One plus point is that there’s an accountless VPN option that you can purchase on a daily basis. No account or subscription is required, and you can purchase with Bitcoin. That does give you a bit more anonymity and is something I’d like to see more VPNs offering.
On the webpage you’ll also find a free list of open proxies, so you can use these without the need for any authentication as well (though the service takes a lot of setting up to make it secure, and won’t suit you if you’re looking for quick and easy installation).
The VPN allows torrenting, but the apps aren’t good enough for it. In addition, Hide My IP is very clear on disallowing copyrighted material. A lot of VPNs say the same, but they have watertight logging policies that ensure you can torrent safely — even if you accidentally download copyrighted material.
Even if you want to take the risk, Hide My IP isn’t reliable for torrenting anyway. I tested BitTorrent with the VPN’s Windows app and couldn’t get it to work at all. The only way I could establish a connection and get speeds fast enough for P2P traffic was with the smart DNS proxy service. Again, this extra level of configuration was frustrating, and a proxy won’t encrypt your torrenting data.
Overall, I wouldn’t recommend Hide My IP for torrenting due to the concerns around privacy, and the clunky performance of the apps. Take a look at our best VPNs for torrenting to see some better options.
Does Hide My IP Work in China? Yes
Hide My IP’s customer support told me that it will work in China.
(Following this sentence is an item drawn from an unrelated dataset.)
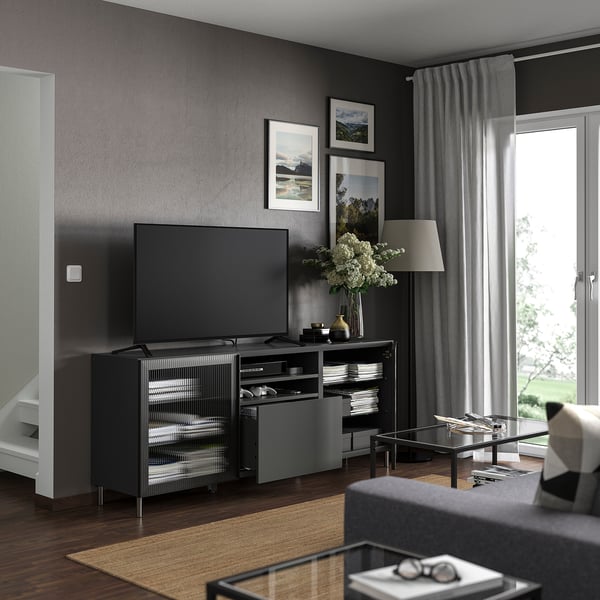 Modern dark grey living room with BESTÅ tv stand, flat screen tv, grey curtains, large window, rug, coffee table, and decorative flowers.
However, I found it unreliable as it is, so I wouldn’t expect to have much luck with it in a highly restrictive country.
That said, I would strongly advise you not to use the Windows app in China, or another country where VPNs may not be encouraged due to my experience with IP and DNS leaks.
Take at a look at these VPNs assured to work in China.
Simultaneous Device Connections — 5 Simultaneous Connections
The premium version of Hide My IP allows 5 simultaneous devices. You can install or use the VPN on up to 5 devices without any blocks or bandwidth restrictions. I used it on 2 Android mobile devices, a PS4, and a Windows desktop without any connectivity issues besides the difficulties with the Windows app.
Device Compatibility — Wide Range of Devices Supported
There are dedicated apps for major platforms including Windows, Mac, Android, and iOS. The iOs version. To get the VPN working on your iOS devices, such as an iPhone or iPad, you’ll also need to set it up via the OpenVPN Connect app in conjunction with the iOS Hide My IP app. You may find this to be a lengthy process, but there is a handy online guide that is very easy to follow.
Unfortunately, apart from the Android app, I found most of the apps to be almost unusable, especially the Windows version. For VPNs that are assured to work with Windows, I recommend these providers. The Android app has some settings not found in the Windows app, like enabling the kill-switch and choice of preferred protocol (TCP or UDP). However, it doesn’t have the IP rotation option or additional DNS settings.
The Hide My IP browser extension worked much better than most of the apps. You’ll find it available for Chrome, and Firefox, so you should be able to use it on any Linux device.
You can use Hide My IP with the Smart DNS Proxy, enabling you to use it with any WiFi-enabled device, even if it doesn’t have a native app. You can use it this way with your PS4, Smart TV, and more – and any device on your network if you set it up on your router. There are guides on the webpage covering everything from older versions of the platforms above, Ubuntu, and Chromebook, to a list of compatible routers.